AMM/CLMM Liquidity (DEX)

  • Hands‑off fee accrual once positioned but subject to impermanent loss.
  • Concentrated ranges can mimic order‑book bands.
  • On‑chain gas costs and potential MEV concerns.
  • Delta hedging on a CEX can stabilize P&L but adds complexity.

A practical progression for Canadian traders: begin with a registered CEX, learn quoting and inventory controls on BTC/CAD or ETH/CAD, then experiment with small DEX positions on majors where depth and volume are robust. Keep strategies separate and track performance independently.

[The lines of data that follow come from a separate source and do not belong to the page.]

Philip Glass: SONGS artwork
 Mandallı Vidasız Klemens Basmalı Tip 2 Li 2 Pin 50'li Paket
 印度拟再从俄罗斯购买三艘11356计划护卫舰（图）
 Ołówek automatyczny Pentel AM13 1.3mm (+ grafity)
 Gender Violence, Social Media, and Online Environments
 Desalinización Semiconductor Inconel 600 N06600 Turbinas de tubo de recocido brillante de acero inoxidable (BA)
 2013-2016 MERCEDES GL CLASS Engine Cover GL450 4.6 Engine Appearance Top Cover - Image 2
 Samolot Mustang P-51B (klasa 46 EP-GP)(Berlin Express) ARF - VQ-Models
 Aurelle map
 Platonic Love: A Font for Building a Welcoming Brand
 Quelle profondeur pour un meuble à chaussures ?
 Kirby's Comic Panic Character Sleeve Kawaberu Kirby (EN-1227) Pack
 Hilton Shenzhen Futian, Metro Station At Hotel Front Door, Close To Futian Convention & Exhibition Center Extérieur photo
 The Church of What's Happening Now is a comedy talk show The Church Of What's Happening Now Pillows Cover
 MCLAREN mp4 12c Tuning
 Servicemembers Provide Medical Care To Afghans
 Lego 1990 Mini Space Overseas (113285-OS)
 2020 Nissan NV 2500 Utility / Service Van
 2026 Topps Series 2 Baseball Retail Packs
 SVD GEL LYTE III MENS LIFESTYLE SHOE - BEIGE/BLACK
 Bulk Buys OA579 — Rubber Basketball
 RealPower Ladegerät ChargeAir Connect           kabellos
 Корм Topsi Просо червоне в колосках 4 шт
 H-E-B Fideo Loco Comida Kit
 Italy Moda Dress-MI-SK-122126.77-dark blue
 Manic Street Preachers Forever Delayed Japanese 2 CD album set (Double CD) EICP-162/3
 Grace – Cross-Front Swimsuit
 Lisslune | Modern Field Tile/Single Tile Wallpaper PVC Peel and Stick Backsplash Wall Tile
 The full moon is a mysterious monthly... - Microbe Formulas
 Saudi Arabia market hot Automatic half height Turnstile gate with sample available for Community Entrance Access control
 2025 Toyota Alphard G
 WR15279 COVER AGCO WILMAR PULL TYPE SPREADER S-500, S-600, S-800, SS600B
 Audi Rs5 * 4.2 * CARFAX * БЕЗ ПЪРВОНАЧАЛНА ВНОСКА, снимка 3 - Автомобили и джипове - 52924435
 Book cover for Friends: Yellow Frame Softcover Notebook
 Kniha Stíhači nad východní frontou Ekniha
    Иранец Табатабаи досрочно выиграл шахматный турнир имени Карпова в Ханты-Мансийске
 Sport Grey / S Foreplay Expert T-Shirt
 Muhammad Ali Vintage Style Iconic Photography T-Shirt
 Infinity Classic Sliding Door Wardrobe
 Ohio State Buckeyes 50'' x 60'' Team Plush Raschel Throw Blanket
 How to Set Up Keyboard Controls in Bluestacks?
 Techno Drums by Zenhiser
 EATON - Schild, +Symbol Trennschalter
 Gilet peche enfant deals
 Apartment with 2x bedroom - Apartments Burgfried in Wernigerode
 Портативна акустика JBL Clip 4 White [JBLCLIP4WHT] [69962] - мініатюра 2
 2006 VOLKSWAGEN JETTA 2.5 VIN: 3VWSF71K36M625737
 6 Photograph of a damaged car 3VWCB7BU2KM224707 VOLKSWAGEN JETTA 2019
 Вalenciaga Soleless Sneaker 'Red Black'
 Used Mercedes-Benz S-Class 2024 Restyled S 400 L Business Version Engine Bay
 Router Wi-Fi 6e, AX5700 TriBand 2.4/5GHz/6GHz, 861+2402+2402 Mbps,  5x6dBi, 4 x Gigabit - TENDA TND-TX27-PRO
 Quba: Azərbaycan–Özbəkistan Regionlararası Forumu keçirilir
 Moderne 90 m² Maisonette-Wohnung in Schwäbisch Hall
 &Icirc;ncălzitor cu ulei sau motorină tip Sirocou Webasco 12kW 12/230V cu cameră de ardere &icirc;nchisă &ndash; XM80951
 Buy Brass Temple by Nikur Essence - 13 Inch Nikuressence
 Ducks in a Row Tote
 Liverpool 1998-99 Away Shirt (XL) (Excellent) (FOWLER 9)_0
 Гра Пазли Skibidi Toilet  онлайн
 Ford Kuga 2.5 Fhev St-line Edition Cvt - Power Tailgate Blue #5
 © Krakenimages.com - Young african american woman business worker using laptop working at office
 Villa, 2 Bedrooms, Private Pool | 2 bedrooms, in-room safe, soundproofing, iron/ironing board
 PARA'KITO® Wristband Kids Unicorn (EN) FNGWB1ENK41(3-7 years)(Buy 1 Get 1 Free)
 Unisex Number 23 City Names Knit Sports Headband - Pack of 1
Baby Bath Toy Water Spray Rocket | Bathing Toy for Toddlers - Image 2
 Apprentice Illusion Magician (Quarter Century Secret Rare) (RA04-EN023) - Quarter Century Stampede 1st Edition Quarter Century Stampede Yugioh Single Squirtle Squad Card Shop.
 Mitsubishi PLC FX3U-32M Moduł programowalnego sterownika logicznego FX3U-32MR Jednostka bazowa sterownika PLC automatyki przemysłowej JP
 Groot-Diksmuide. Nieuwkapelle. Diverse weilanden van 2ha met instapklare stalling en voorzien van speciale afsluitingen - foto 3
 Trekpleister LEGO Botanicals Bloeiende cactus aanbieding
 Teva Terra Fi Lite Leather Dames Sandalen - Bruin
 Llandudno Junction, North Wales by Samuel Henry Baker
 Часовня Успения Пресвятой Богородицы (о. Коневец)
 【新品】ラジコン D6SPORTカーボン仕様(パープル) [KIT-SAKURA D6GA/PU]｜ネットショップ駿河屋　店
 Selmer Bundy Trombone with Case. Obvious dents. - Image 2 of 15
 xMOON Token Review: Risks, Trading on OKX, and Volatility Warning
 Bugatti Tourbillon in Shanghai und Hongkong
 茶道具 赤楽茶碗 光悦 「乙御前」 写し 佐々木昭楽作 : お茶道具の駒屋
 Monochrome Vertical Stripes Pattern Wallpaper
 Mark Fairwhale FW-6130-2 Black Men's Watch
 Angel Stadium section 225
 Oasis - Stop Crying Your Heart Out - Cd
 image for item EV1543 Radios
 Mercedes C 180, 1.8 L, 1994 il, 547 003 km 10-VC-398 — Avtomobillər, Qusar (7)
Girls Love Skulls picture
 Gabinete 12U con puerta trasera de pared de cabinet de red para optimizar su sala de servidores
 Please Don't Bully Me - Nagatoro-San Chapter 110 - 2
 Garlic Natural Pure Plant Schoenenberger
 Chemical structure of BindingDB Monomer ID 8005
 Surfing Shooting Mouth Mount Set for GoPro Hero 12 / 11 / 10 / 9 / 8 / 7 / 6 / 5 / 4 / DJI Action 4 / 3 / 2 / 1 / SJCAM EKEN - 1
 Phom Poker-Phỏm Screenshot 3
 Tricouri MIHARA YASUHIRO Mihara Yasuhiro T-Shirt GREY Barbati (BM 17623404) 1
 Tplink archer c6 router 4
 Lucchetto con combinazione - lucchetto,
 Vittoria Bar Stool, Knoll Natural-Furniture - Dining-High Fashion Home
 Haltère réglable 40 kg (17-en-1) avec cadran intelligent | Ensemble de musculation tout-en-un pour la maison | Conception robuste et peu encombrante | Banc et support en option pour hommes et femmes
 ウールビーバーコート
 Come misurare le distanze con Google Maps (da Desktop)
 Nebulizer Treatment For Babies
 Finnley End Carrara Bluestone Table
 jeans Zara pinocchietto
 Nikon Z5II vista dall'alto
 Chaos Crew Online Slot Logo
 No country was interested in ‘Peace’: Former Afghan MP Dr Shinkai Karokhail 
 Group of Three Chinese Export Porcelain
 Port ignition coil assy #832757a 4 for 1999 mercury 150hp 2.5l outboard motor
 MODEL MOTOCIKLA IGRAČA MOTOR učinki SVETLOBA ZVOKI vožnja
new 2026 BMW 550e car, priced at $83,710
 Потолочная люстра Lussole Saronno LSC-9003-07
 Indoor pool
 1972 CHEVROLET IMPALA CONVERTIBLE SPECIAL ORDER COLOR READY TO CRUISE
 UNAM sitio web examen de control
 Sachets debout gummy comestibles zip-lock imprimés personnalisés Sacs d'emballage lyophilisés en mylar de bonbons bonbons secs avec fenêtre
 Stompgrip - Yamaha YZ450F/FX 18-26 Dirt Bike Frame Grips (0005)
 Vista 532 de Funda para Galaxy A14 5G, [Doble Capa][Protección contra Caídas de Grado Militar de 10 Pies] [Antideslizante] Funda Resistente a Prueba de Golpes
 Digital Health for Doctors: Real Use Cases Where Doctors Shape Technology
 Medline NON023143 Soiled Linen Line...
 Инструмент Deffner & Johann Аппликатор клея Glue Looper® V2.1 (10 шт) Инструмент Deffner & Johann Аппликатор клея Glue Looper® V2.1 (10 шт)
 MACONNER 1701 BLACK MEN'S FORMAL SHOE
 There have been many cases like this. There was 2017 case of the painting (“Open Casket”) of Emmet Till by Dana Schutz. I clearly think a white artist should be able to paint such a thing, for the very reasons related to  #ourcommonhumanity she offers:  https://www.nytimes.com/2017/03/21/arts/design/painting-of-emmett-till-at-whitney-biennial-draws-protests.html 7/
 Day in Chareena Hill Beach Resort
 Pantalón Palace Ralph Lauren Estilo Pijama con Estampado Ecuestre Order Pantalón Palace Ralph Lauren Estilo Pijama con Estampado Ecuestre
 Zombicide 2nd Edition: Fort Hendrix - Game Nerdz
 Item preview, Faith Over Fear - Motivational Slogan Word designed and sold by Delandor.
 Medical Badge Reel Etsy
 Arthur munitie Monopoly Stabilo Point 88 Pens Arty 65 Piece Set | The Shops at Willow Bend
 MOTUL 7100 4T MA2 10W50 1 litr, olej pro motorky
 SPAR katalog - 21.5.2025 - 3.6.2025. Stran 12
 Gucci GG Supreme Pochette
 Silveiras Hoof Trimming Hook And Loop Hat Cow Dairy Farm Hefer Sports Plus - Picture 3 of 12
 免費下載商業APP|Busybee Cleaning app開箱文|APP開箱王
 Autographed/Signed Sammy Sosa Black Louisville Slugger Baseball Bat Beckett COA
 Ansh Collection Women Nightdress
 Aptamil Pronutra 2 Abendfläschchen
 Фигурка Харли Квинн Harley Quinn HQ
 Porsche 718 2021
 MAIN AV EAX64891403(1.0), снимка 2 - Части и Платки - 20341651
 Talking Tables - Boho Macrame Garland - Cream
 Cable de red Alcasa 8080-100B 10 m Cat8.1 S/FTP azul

A Simple, Rules‑Based Starter Template

Use this as a paper‑trading or tiny‑size prototype. Adjust parameters after you collect a statistically meaningful sample.

Parameters

  • Pairs: BTC/CAD and ETH/CAD (or BTC/USDT if you primarily trade in USD stablecoins).
  • Volatility input: 1‑hour ATR% updated every 5 minutes.
  • Base spread: mid ± 0.35 × ATR% (each side).
  • Inventory target: 0; max net exposure: 7.5% of equity.
  • Skew rule: for every 1% of equity in net long, tighten ask by 0.02% and widen bid by 0.02% (and mirror for net short).
  • Quote life: 20–45 seconds or when mid shifts by 0.05% (whichever first).
  • Refresh logic: if undercut at the inside by more than 1 tick and markout deteriorates, step back rather than chase.
  • Vol filter: if short‑horizon realized vol > 1.5 × its 1‑day median, widen spreads by 25% and halve size; if > 2.0 ×, pause.
  • Risk limits: daily loss stop at −1.0% equity; weekly at −3.0%.

Workflow

  1. Compute mid, ATR%, and short‑horizon realized vol.
  2. Place two to four ladders per side: near, mid, and deep quotes.
  3. Apply post‑only flags and good‑til‑time expiries.
  4. Refresh on schedule or threshold; avoid chasing every tick.
  5. Monitor inventory; engage skew; hedge only if limits breach.
  6. Stand down during major news or when vol filter triggers.
  7. Record fills, markouts, fees/rebates, and inventory drift.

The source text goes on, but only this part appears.